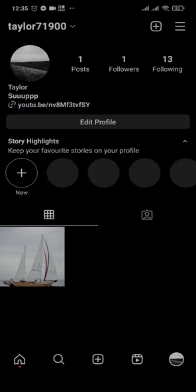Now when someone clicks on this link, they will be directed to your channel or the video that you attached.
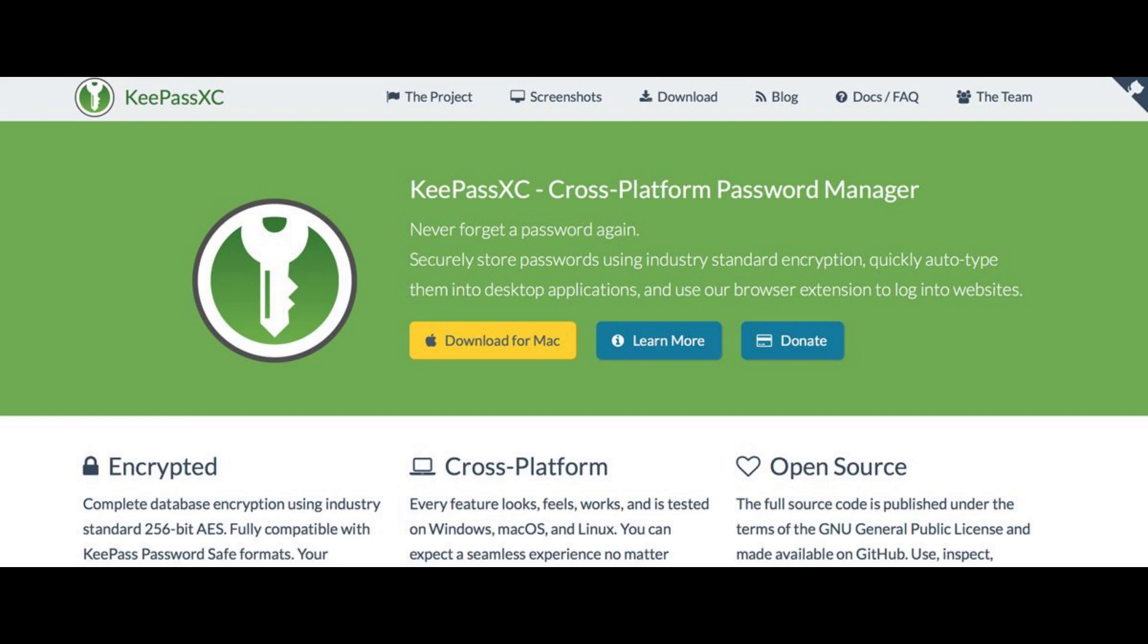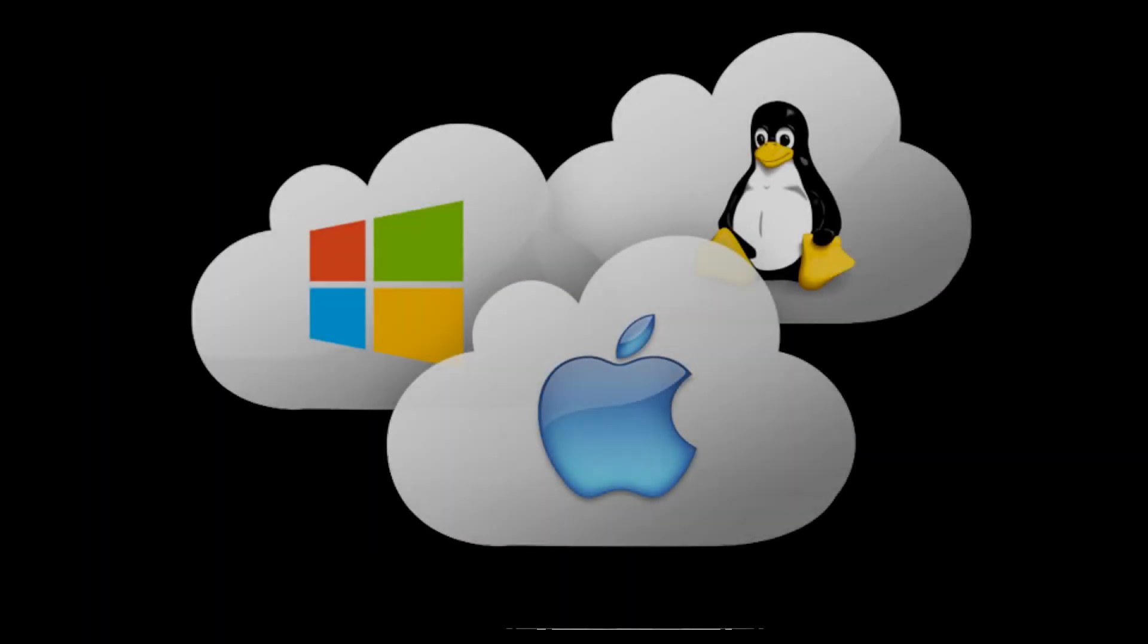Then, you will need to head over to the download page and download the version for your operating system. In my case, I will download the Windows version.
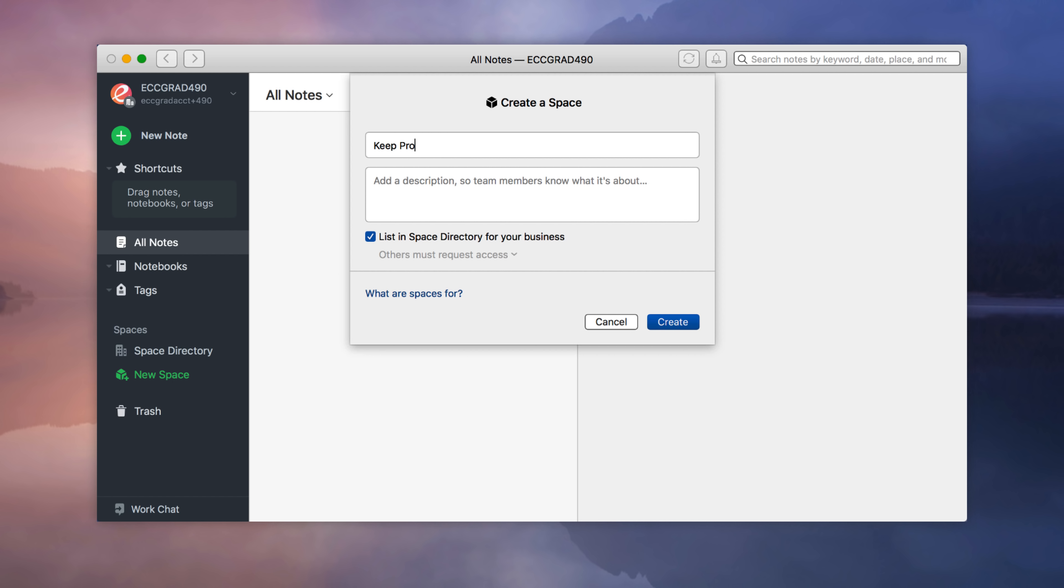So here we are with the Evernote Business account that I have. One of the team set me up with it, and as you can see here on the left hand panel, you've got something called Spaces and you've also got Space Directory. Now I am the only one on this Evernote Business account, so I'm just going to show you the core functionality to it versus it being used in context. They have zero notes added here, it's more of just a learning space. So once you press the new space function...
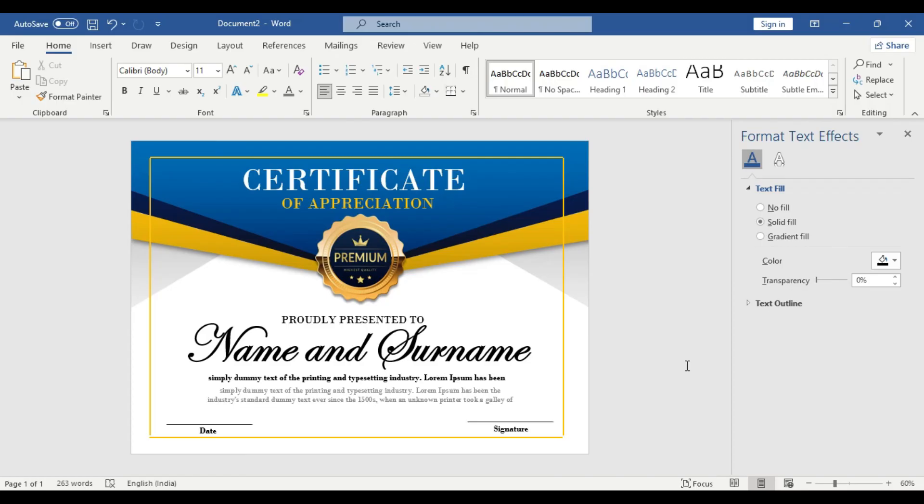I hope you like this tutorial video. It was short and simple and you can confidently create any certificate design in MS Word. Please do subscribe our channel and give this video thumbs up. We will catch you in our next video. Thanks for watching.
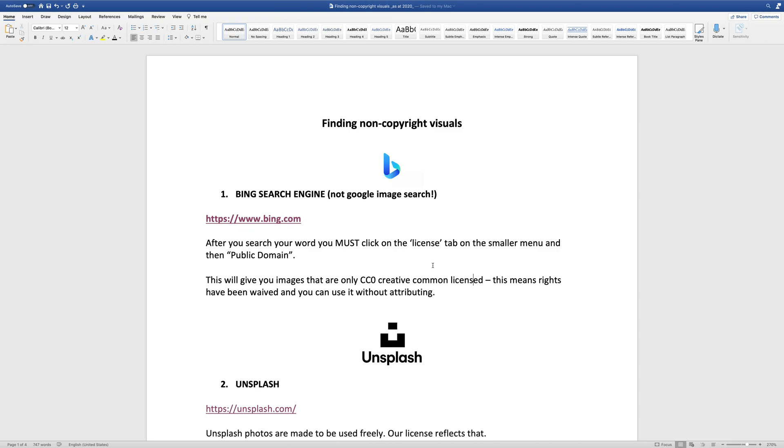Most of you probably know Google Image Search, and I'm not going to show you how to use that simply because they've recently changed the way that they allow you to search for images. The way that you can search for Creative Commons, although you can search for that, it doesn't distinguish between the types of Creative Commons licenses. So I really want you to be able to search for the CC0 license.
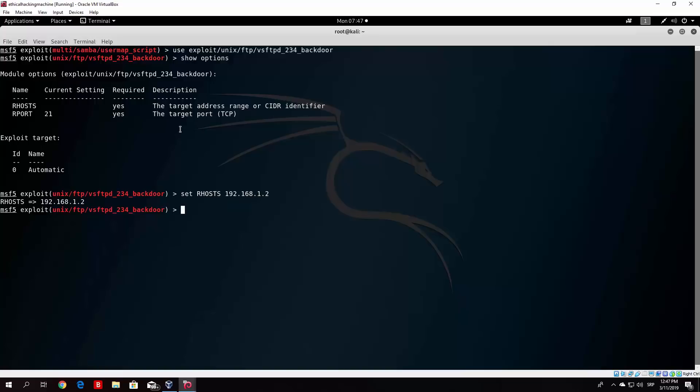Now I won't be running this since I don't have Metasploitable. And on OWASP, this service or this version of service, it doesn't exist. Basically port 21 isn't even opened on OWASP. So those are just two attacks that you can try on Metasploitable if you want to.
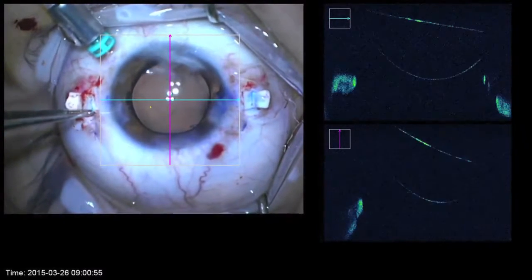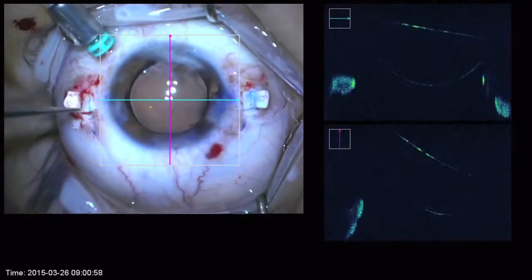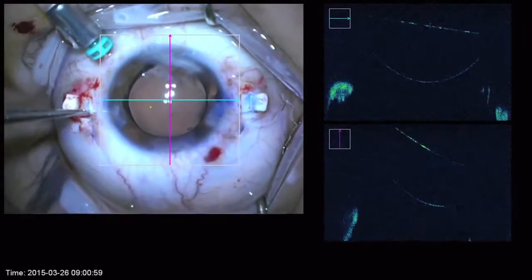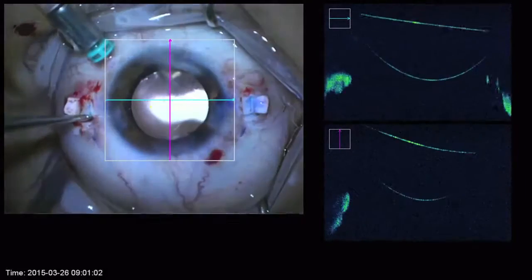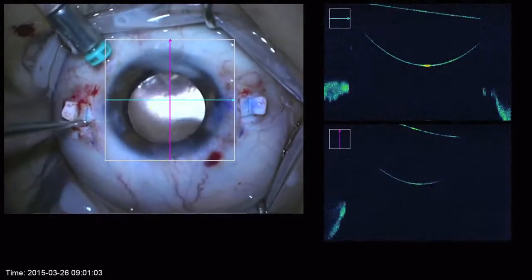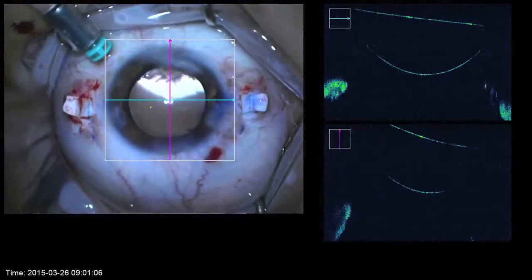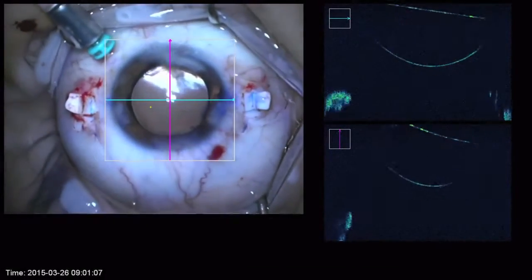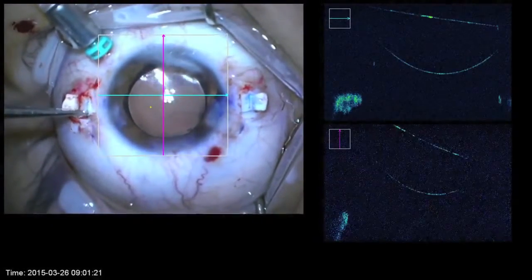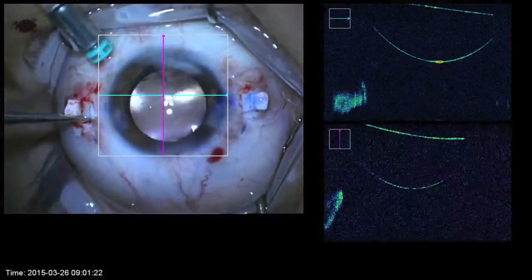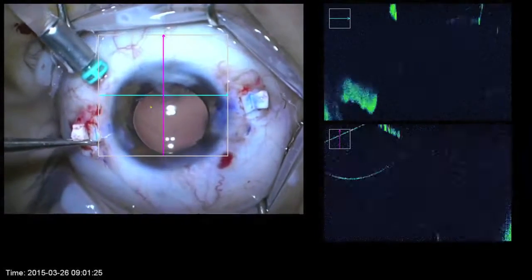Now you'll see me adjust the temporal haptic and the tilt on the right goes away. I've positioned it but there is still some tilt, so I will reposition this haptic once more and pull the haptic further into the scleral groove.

§ WHAT IS EXPECTED: Without the pictures, repeat the entries above line by line, from the first through the one that contains "Then, you will", both ends included.

§ RESULT:
Now when someone clicks on this link, they will be directed to your channel or the video that you attached.
Then, you will need to head over to the download page and download the version for your operating system. In my case, I will download the Windows version.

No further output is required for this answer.